Mit diesen Informationen ging es in die erste von zwei Workshop-Runden, in denen die Teilnehmenden Themen und Fragen diskutierten. Zunächst lernte man sich kennen, tauschte sich über Aufgabengebiete aus und erarbeitete Schnittstellen und Gemeinsamkeiten. Schnell wurde deutlich, wie sehr die Teilnehmenden in ähnlichen Beratungssituationen unterwegs sind. Manches Aha-Gefühl kam auf. Teilweise wurde in den Pausen weitergearbeitet, so groß war der Austauschbedarf.

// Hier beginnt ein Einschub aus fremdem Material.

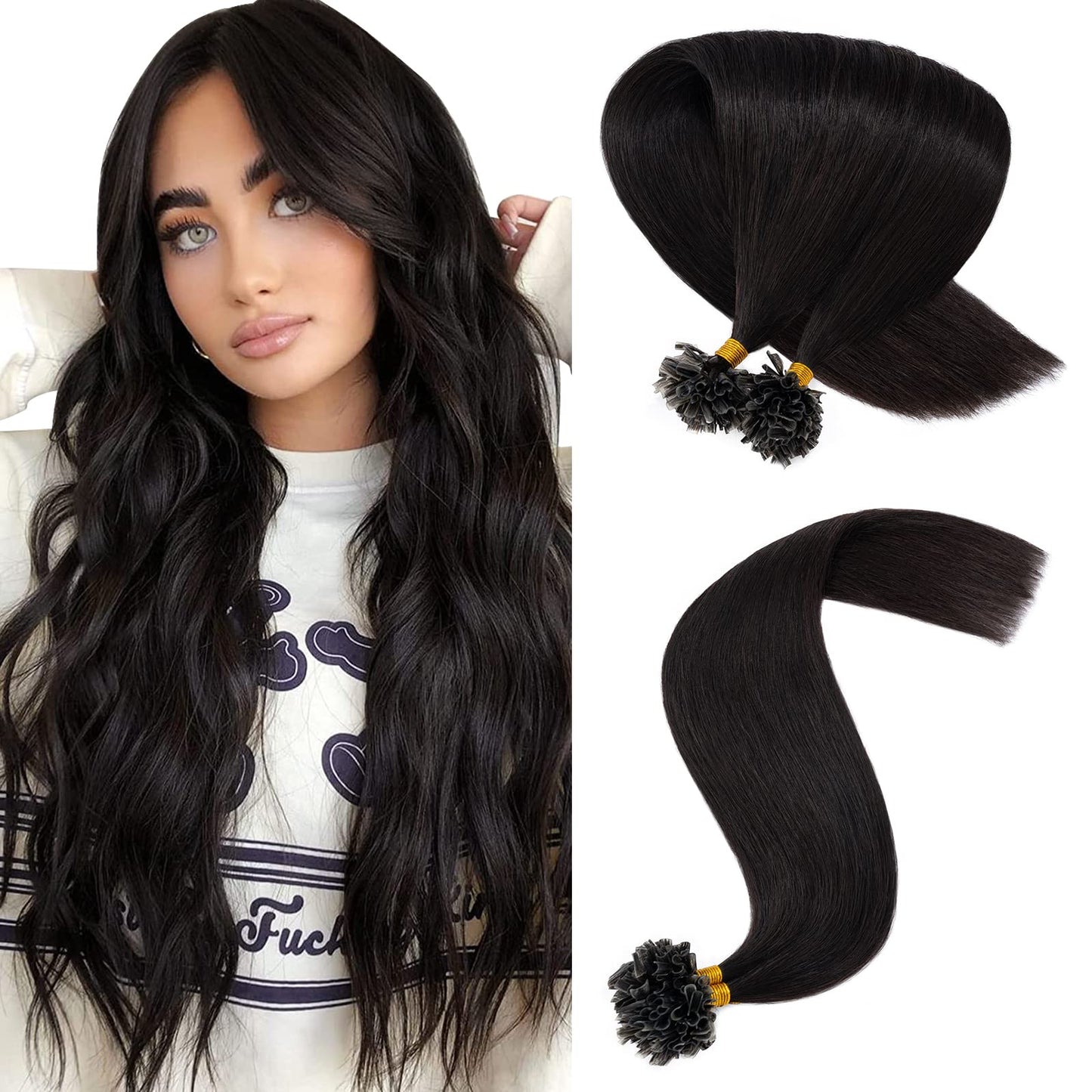 Hairro U Tip Human Hair Extension Pre Bonded Hot Fusion Hairpiece For Women Remy Tipped Hair Pieces Silky Straight Nail Tip Keratin Utips Hairpieces 14" 50g #02 Dark Brown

Genauso deutlich wurde im zweiten Teil aber auch, woran es bei den meisten fehlt. Michaela Hofmann vom Diözesan-Caritasverband Köln brachte es auf den Punkt: "Wir brauchen mehr Geld, Zeit und Personal." Vor allem die finanzielle Ausgestaltung weg von der Projektfinanzierung hin zur Regelfinanzierung ist ein entscheidender Faktor. So berichteten die Psychologin Susanne Vogeley und der Krisen- und Gewaltberater Jonas Lemli (beide aus Münster) über ihre Tandemberatung im Schulungskonzept "Basiswissen Männergewalt". Ein ungewöhnlicher Ansatz, der die Zuhörerinnen und Zuhörer zu vielen Fragen motivierte. Nur eine Fortführung dieses Konzeptes wird es zunächst nicht geben - denn es war projektfinanziert. Für ein dauerhaftes Angebot müsste es eine Regelfinanzierung geben.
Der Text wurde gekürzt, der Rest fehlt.